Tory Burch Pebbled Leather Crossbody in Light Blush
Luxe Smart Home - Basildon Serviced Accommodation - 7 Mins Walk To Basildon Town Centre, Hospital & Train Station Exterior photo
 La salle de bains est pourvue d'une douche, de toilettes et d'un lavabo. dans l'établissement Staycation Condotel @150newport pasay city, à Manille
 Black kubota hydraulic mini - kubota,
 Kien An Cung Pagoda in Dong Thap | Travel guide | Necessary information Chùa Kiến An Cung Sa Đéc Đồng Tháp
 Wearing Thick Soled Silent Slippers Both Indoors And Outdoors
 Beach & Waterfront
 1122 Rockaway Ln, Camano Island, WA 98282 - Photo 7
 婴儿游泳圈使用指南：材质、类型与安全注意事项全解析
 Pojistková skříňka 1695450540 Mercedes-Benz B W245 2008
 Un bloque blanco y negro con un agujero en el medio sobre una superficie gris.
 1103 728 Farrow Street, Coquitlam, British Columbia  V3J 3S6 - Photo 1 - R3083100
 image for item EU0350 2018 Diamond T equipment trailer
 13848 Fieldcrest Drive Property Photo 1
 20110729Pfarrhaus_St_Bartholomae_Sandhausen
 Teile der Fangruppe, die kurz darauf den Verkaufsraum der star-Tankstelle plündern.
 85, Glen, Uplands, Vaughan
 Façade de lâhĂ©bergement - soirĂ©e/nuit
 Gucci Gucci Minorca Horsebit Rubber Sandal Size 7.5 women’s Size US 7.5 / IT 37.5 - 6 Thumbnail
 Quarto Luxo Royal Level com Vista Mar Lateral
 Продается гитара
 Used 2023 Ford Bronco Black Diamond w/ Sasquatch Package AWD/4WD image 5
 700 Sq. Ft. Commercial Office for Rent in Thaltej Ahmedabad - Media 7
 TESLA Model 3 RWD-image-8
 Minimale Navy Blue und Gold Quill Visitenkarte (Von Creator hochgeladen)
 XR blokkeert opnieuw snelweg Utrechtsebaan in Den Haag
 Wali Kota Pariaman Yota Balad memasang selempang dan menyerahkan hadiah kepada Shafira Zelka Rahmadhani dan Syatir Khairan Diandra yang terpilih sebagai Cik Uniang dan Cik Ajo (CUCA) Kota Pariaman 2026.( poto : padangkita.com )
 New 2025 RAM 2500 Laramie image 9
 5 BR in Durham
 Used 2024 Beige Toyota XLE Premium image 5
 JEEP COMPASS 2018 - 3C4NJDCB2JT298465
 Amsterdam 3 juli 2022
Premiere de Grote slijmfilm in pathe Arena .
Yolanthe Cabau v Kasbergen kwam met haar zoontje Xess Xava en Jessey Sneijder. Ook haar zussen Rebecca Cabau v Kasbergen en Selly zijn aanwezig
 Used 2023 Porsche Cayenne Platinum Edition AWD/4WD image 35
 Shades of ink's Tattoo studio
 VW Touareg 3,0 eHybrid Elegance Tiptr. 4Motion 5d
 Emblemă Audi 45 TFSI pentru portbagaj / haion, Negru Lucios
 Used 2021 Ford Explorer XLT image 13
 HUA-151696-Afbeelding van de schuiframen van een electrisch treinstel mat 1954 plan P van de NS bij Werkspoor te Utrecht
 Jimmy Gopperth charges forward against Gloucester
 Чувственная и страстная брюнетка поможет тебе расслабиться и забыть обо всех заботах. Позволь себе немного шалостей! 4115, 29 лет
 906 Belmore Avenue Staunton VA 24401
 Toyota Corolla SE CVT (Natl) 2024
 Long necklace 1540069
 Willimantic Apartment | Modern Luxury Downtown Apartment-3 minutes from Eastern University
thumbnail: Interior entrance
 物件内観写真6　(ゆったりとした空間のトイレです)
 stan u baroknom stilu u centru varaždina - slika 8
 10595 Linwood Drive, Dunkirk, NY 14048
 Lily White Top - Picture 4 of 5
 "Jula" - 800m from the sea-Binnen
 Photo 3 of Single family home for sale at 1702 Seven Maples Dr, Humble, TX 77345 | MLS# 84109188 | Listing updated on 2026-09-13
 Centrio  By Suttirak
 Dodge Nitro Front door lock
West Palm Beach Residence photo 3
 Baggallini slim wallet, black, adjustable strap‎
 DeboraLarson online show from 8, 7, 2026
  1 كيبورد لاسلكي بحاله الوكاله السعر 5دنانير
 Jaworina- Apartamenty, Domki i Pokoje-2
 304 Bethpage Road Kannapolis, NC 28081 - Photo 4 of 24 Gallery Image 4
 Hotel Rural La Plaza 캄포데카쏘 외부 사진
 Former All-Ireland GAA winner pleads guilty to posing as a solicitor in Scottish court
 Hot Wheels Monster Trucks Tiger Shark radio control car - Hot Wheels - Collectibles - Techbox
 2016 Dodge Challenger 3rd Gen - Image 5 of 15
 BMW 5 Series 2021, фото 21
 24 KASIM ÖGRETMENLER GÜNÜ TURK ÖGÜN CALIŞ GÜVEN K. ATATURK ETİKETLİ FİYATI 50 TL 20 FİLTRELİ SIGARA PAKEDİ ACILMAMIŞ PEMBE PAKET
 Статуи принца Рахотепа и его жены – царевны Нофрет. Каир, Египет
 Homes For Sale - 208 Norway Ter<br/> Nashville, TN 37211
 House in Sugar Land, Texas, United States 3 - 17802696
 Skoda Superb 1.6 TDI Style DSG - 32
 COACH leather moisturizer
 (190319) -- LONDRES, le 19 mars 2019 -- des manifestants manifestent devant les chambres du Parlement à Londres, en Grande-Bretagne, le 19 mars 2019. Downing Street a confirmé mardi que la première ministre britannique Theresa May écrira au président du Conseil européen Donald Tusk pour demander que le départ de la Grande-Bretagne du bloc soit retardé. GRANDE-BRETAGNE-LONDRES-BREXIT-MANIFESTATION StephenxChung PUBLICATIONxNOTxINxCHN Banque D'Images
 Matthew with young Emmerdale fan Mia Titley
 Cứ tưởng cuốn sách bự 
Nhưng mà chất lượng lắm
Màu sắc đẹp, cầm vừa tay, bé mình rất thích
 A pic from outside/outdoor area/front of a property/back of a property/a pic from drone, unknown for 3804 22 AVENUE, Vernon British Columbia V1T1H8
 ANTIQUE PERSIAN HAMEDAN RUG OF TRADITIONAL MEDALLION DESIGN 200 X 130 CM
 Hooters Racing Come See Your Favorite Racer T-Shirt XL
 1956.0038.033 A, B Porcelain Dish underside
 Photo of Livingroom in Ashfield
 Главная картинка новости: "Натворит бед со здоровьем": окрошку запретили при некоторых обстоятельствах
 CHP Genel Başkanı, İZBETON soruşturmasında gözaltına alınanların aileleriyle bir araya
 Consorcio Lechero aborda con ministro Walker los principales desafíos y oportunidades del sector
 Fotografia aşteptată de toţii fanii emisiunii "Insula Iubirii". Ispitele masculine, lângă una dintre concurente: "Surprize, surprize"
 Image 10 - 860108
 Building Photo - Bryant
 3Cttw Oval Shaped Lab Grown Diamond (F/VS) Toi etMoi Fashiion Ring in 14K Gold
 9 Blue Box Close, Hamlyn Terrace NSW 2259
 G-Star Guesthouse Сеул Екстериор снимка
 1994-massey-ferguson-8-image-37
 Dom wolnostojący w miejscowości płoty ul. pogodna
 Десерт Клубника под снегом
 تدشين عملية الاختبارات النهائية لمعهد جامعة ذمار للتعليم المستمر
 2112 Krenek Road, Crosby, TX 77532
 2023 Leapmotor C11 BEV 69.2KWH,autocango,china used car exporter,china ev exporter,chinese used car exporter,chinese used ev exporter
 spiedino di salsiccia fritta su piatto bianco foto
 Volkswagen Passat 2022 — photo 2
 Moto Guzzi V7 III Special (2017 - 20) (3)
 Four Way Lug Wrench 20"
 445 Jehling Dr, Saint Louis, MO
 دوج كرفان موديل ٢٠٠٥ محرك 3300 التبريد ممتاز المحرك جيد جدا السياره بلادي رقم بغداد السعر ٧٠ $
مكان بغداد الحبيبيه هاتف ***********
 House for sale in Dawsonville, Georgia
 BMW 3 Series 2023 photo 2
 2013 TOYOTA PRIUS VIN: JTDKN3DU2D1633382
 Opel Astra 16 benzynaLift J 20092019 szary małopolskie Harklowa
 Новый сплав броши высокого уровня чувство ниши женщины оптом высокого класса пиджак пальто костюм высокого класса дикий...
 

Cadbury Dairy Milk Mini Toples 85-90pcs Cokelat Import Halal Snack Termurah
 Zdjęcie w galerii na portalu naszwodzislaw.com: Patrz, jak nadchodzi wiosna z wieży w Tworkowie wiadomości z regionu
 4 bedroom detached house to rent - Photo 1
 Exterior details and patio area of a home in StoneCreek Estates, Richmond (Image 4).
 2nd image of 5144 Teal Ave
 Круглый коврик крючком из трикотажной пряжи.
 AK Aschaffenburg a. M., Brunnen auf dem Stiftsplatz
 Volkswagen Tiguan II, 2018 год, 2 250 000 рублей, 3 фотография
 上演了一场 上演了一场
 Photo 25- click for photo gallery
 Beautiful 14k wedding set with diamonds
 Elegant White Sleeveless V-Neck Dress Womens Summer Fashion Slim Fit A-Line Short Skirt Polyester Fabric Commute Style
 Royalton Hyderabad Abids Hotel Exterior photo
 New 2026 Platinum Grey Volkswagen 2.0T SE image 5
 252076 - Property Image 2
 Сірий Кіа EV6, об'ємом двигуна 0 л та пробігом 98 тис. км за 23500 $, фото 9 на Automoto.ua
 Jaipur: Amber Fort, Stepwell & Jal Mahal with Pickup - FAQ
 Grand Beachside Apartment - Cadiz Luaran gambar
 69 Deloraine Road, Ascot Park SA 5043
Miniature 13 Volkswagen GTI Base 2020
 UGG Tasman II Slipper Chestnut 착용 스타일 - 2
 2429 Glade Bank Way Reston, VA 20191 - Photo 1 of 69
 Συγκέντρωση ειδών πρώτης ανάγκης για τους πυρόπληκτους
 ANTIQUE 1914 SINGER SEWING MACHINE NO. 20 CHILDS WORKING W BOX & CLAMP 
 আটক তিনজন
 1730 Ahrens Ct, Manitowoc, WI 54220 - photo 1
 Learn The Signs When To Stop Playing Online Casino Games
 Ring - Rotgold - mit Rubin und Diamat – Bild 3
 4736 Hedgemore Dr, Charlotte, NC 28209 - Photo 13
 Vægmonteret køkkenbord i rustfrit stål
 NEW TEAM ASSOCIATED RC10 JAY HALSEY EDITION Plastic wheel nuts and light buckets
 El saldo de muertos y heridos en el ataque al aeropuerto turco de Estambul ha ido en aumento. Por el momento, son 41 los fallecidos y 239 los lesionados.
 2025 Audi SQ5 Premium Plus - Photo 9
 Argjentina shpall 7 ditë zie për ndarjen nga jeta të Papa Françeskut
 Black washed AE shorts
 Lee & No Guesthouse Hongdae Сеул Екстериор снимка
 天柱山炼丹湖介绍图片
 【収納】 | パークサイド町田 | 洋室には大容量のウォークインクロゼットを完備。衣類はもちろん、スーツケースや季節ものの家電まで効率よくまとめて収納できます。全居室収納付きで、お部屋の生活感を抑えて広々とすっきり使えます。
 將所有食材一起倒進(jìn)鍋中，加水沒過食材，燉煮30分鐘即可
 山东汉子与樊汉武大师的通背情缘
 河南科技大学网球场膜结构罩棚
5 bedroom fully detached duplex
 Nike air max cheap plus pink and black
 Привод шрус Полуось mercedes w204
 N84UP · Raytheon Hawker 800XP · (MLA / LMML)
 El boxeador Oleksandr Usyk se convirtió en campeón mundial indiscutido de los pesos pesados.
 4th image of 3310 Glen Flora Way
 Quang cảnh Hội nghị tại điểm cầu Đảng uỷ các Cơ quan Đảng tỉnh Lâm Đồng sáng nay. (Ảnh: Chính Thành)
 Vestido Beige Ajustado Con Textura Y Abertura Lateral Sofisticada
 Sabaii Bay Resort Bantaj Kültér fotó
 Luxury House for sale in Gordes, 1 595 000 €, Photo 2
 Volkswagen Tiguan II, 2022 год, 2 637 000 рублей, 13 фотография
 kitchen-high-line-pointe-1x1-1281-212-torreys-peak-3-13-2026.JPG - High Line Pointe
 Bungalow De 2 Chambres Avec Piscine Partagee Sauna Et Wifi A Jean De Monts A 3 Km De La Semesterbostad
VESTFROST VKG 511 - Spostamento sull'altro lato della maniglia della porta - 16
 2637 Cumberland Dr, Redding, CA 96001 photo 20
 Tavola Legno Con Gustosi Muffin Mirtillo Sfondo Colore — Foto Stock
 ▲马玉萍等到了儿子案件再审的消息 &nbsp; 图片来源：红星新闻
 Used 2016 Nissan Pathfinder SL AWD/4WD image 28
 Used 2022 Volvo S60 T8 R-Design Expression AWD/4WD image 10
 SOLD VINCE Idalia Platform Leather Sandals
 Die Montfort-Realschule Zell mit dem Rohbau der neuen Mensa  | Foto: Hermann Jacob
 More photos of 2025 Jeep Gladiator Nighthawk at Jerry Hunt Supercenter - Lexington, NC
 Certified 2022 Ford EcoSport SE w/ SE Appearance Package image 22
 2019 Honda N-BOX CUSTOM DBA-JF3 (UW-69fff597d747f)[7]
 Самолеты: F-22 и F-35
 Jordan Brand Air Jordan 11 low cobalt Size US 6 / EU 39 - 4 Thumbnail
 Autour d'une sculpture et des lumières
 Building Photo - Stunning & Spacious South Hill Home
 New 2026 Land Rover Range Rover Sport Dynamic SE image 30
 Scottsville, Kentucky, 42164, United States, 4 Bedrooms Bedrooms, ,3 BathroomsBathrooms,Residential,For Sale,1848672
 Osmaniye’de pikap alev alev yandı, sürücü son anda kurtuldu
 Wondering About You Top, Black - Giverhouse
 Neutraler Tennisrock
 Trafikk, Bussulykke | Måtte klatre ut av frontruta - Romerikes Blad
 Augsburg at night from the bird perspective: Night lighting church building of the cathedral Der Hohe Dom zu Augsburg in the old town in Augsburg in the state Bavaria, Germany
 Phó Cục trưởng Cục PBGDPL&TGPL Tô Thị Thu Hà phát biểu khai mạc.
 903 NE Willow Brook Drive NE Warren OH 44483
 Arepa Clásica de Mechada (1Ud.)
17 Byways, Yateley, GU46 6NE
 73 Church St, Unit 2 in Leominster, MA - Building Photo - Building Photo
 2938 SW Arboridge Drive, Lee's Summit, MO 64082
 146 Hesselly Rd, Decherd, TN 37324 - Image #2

# What to produce
The reply should hold only the lines of the listing above starting at the line containing "Lee & No Guesthouse" and ending at the line containing "4th image of 3310 Glen Flora Way", exactly as written.

# Solved exercise
 Lee & No Guesthouse Hongdae Сеул Екстериор снимка
 天柱山炼丹湖介绍图片
 【収納】 | パークサイド町田 | 洋室には大容量のウォークインクロゼットを完備。衣類はもちろん、スーツケースや季節ものの家電まで効率よくまとめて収納できます。全居室収納付きで、お部屋の生活感を抑えて広々とすっきり使えます。
 將所有食材一起倒進(jìn)鍋中，加水沒過食材，燉煮30分鐘即可
 山东汉子与樊汉武大师的通背情缘
 河南科技大学网球场膜结构罩棚
5 bedroom fully detached duplex
 Nike air max cheap plus pink and black
 Привод шрус Полуось mercedes w204
 N84UP · Raytheon Hawker 800XP · (MLA / LMML)
 El boxeador Oleksandr Usyk se convirtió en campeón mundial indiscutido de los pesos pesados.
 4th image of 3310 Glen Flora Way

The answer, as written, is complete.